Let $(\mathcal{H},\Vert\cdot\Vert)$ be a complex Hilbert space with inner product $\langle\cdot,\cdot\rangle$ and $A\in\mathcal{L}(\mathcal{H})$ be a bounded self-adjoint operator with spectrum $\sigma(A)\subset\mathbb{R}$.
The functional calculus is usually defined first of all for polynomials: Let $P\in\mathbb{C}[\sigma(A)]$ be a polynomial, i.e. a map $P:\sigma(A)\to\mathbb{C}$ of the type $$P(t)=\sum_{i=0}^{k}\lambda_{i}t^{i}$$ for some $k\in\mathbb{N}_{0}$ and coefficients $\lambda_{0},\dots,\lambda_{k}\in\mathbb{C}$. Then we define a bounded operator $P(A)\in\mathcal{L}(\mathcal{H})$ by $$P(A):=\sum_{i=0}^{k}\lambda_{i}A^{i}.$$
In the end, we want to define a map which assigns to each polynomial on $\sigma(A)$ a bounded operator. However, a priori it is not clear that two different polynomials result into different operators. As an example, consider the case of an operator $A$ such that the spectrum is given by $\sigma(A)=\{0,1\}$. In this case, the polynomials $P_{1}(t):=t$ and $P_{2}(t):=t^{2}$ are equivalent, but it is not clear that $P_{1}(A)=A\stackrel{?}{=}A^{2}=P_{2}(A)$.
In order to show that this is the case, one usually shows that $$\Vert P(A)\Vert_{\mathcal{L}(\mathcal{H})}=\sup_{\lambda\in\sigma(A)}\vert P(\lambda)\vert.$$ I understant how to proof this statement, by I do not see why this is enough to show that the functional calculus of polynomials is well-defined.
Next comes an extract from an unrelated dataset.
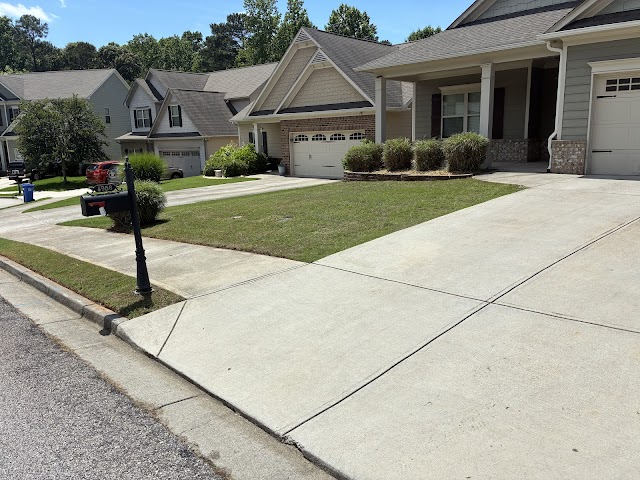 Top Gunz Landscaping photo 2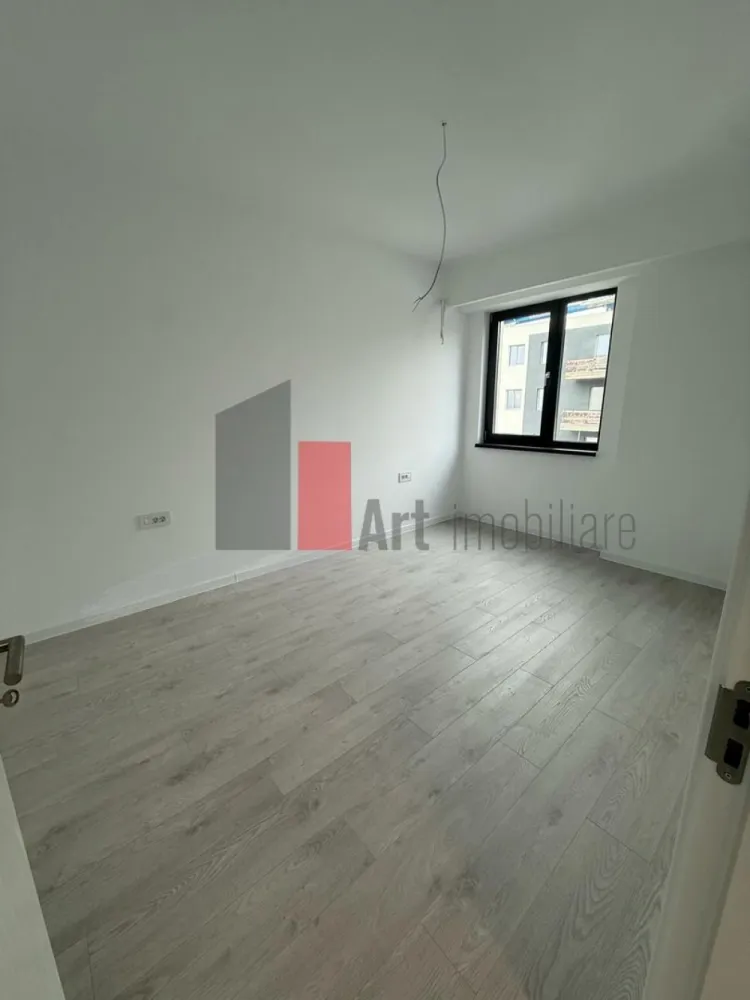 2 camere bloc 2025 - Novum Timișoara - Art Imobiliare va prezinta spre vanzare un apartament superb de 2 camere situat la etajul 11 al unui imobil construit in 2025.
I would like to show that if $P_{1},P_{2}\in\mathbb{C}[\sigma(A)]$ are to polynomials such that $P_{1}(t)=P_{2}(t)$ for all $t\in\sigma(A)$, then $P_{1}(A)=P_{2}(A)$. I tried to use the paralellogram identity together with the above formula for the operator norms in order to show that $\Vert P_{1}(A)-P_{2}(A)\Vert=0$. However, I was not able to proof it.
You must be able to show that $P(A)=0$ if $P$ vanishes on the spectrum. This is not generally true if $A$ is not normal. For example, if $A$ is nilpotent of order $2$ (meaning that $A^2=0$, but $A\ne 0$,) then a polynomial $P$ that vanishes on the spectrum of $A$ does not necessarily give $P(A)=0$. However, a normal operator $A$ such that $A^2=0$ must satisfy $A=0$; more generally, $p(A)=0$ if $p$ vanishes on the spectrum of $A$, and $m(A)=0$ will also hold if $A$ is normal and if $m$ has only first order roots, but has the same roots as $p$.